Robust Process Mining with Guarantees

                              Sander J.J. Leemans

             Queensland University of Technology, Brisbane, Australia

   Organisations store a lot of data from their business processes nowadays.
This execution data is often stored in an event log. In many cases, the inner
workings of the process are not known to management, or, for instance, only
vaguely resemble their three-year old PowerPoint design. Gaining insights into
the process as it is executed using only an event log is the aim of process mining.
In this thesis, we address three aspects of process mining: process discovery,
conformance checking and enhancement.


Process Discovery
Once an event log has been obtained, process discovery is an essential next
step in many process mining projects. Process discovery aims to automatically
discover a process model from the event log, such that this model describes
the underlying (unknown) process well. As we do not want to assume that all
possible behaviour is included in the event log, process discovery algorithms
inherently make a trade-off between several quality criteria. For instance, fitness
denotes the fraction of the event log is described in the model, and log precision
denotes the fraction of the model is described in the event log.
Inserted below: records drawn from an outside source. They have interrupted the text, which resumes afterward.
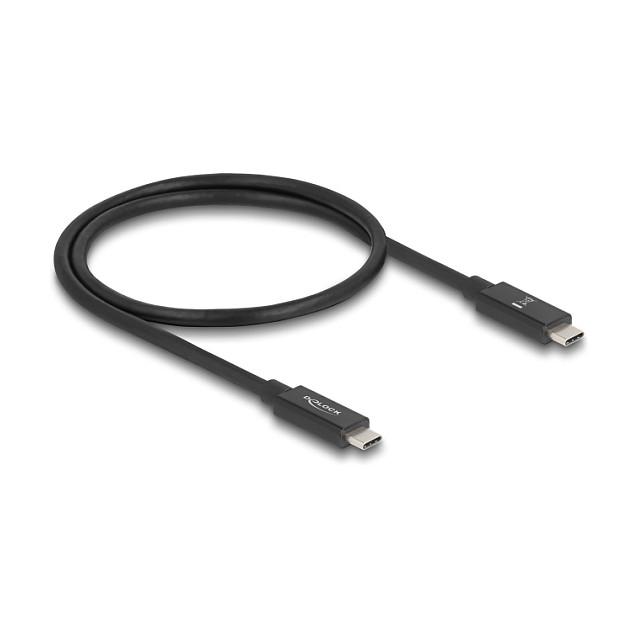 Kabllo USB DeLOCK 81210, USB 80 Gbps Type-C mashkull në Type-C mashkull, Power Delivery 240 W, 16K/60 Hz, 0,5 m - Zezë - 1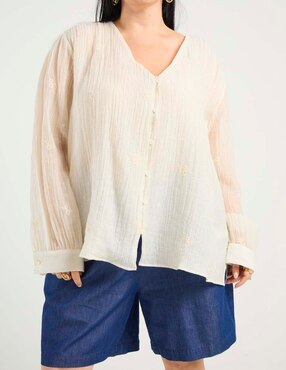 Blusa Weekend Plus manga larga para mujer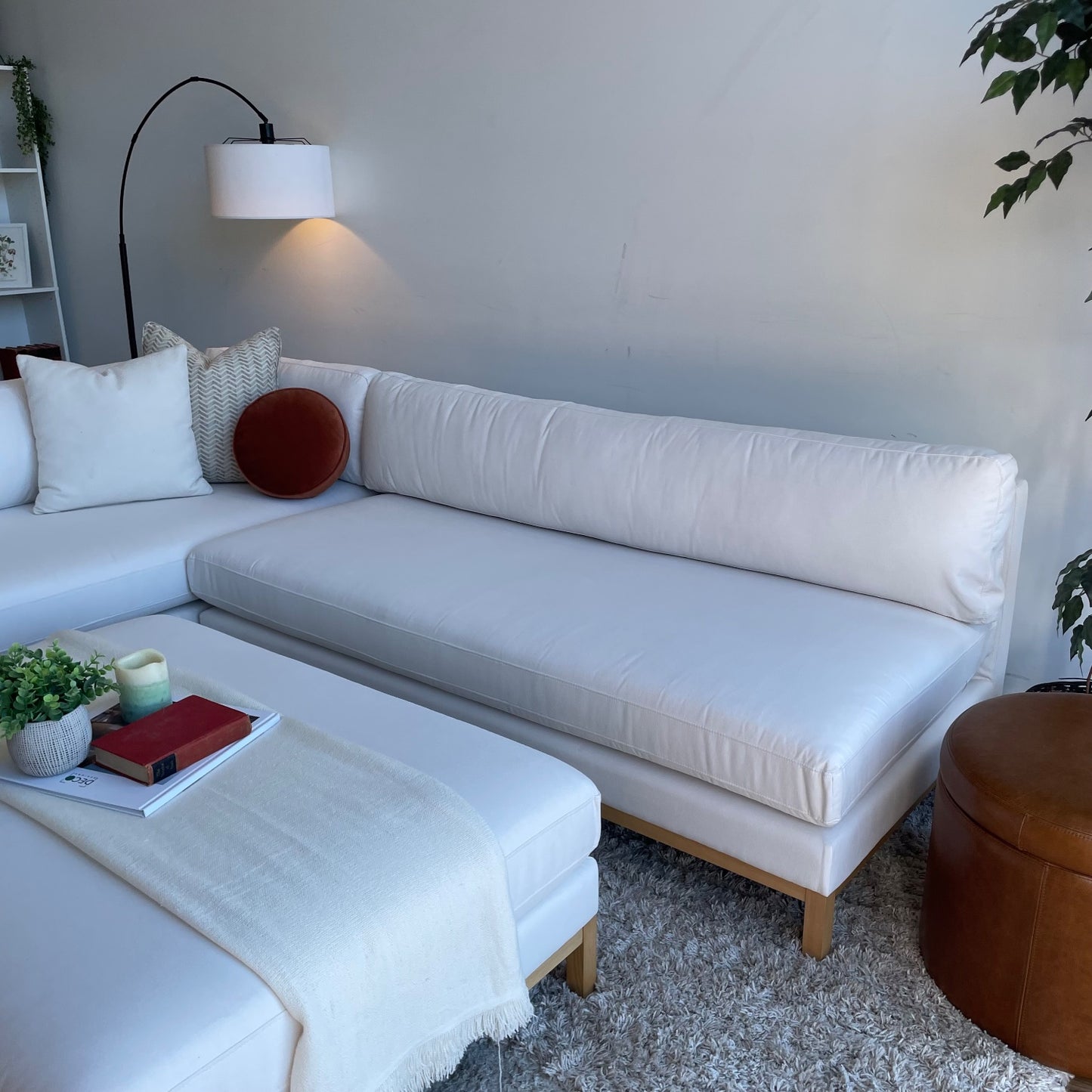 Interior Define Jasper 2-piece Sectional in White w/ Ottoman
Simplicity denotes
whether the model needs few and simple constructs to express its behaviour.
For some event logs, process models that score well on fitness, log precision and
simplicity might not exist in the representational bias of the algorithm. Other
quality criteria of algorithms include how well a discovered model resembles the
running process that underlies the event log. Even though the process is typically
unknown, studying under which conditions a discovery algorithm rediscovers the
process allows us to compare discovery algorithms. In this thesis, we argue that
process discovery algorithms should provide several guarantees, such as that the
discovered models are free of deadlocks and other anomalies, that, depending on
the use case, fitness is perfect, and that the processes underlying the event logs
are rediscovered (the algorithm should provide rediscoverability). With these
guarantees, algorithms become more robust to real-life behaviour and larger
event logs.
    In order to ease generalising over the behaviour in an event log, many process
discovery algorithms use an abstraction of the behaviour in the event log, such
as directly follows graphs. We conducted a systematic study of four of these
abstractions and identified classes of models for which the abstractions uniquely
represent systems and logs. That is, we proved that any difference in behaviour
is detectable in the abstraction. The four abstractions studied were the directly-
follows relation, the minimum self-distance relation, the concurrent-optional-or
relation and the co-occurrence relation.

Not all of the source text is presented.